# Work instructions
In the records below, find the line that contains "Недавно арендовано: $3,350" and the line that contains "Titanium Steel Microinlaid", then retype exactly those two lines and every line between them.
::::
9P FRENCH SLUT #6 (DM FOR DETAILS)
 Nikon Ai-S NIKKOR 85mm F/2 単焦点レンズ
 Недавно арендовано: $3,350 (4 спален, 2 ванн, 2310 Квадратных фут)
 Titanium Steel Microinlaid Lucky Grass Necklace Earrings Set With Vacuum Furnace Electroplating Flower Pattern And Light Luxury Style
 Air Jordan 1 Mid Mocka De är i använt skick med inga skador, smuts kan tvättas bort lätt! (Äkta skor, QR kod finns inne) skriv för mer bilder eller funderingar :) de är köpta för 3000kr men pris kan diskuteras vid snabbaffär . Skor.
::::
# Finished task
 Недавно арендовано: $3,350 (4 спален, 2 ванн, 2310 Квадратных фут)
 Titanium Steel Microinlaid Lucky Grass Necklace Earrings Set With Vacuum Furnace Electroplating Flower Pattern And Light Luxury Style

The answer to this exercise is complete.